China Prepares to Raise Status of Anti-Trust Bureau

China plans to raise the status of its anti-trust agency to better challenge anti-competitive behavior. With President Xi Jinping’s push, the State Administration for Market Regulation (SAMR) has fined firms, particularly the online platforms, for breaching the competition rules.

The Chinese Government considers elevating the status of the anti trust bureau, which will become the National Antimonopoly Bureau, and stay within the SAMR. The new agency will be raised to deputy ministerial status. The new status will help the bureau to gain resources investigating M&As.

The new proposal also offers opportunity to SAMR to conduct its own research, which it had to outsource before.

The proposal will still need the approval of China’s State Council as well as the National People’s Congress.

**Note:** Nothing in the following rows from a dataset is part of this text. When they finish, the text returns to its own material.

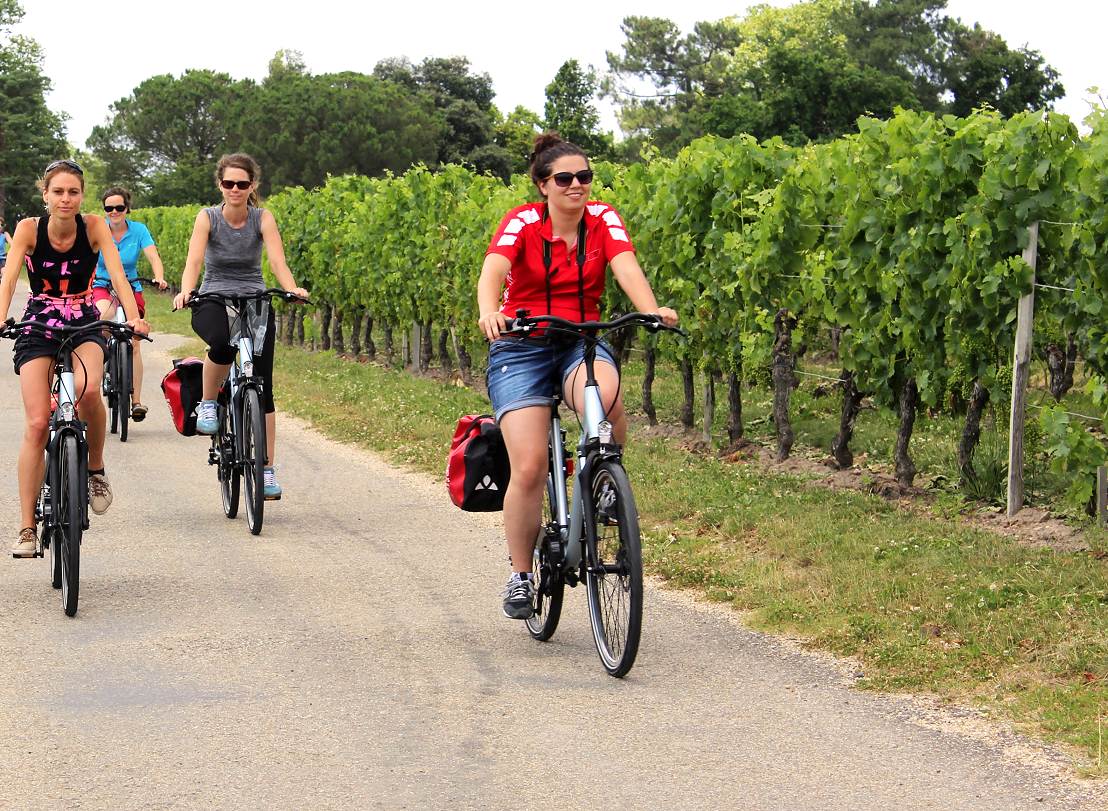 Bike tour from Bordeaux to Arcachon. Cycling holidays in south of Bordeaux region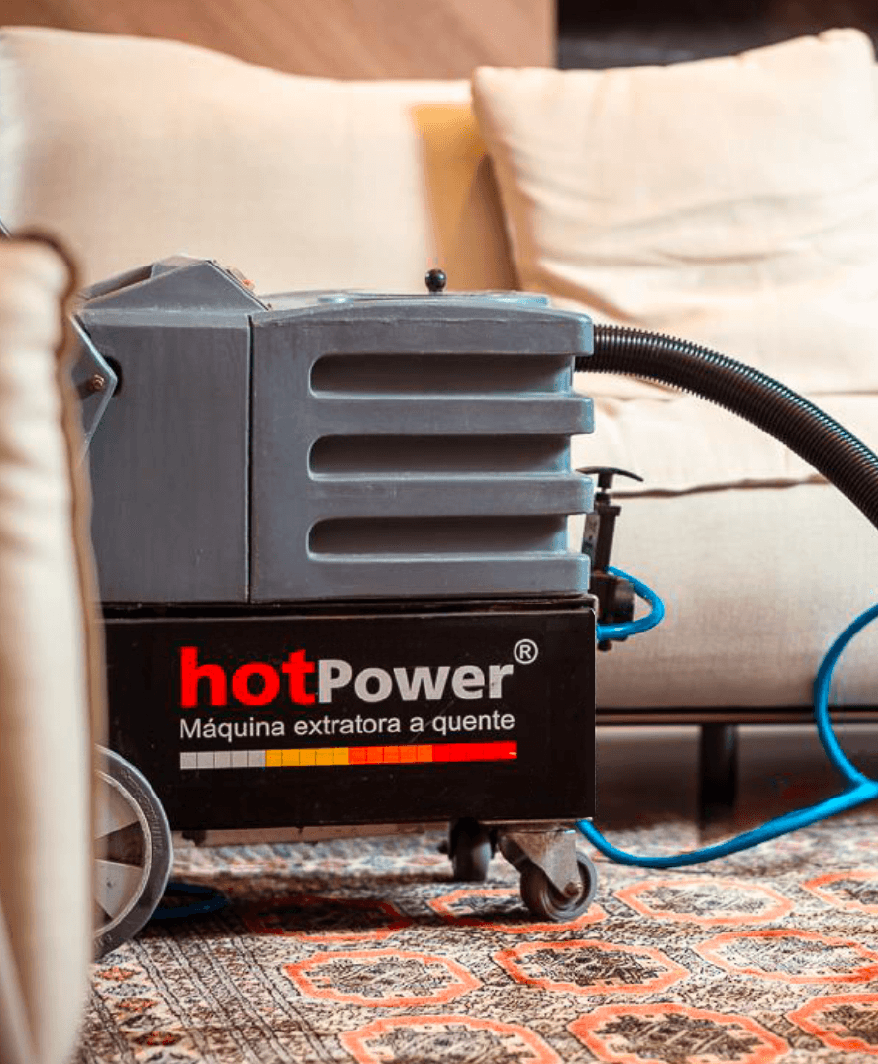 Máquina extratora Hot Power em uso na limpeza de um estofado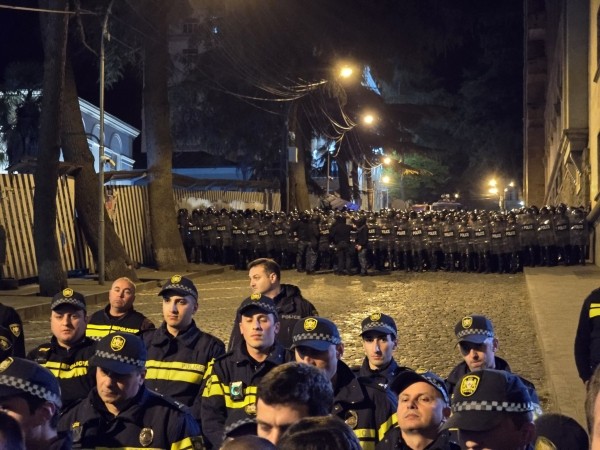 Полиция предупреждает протестующих перед парламентом, сообщается о первых задержаниях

President Xi said last March that China should strengthen its antitrust powers to properly challenge the monopolistic behavior of big corporations. China took European antitrust regulations as a model and invited antitrust officials from the EU and the US in August to hold seminars for Chinese antitrust staff.

Until this year, China’s antitrust regulations were relatively loose. This year’s $2.75 billion fine on Alibaba Group for abusing market dominance has been a turning point. The country’s food delivery market leader Meituan was fined this month for $527 million also for abusing its market position.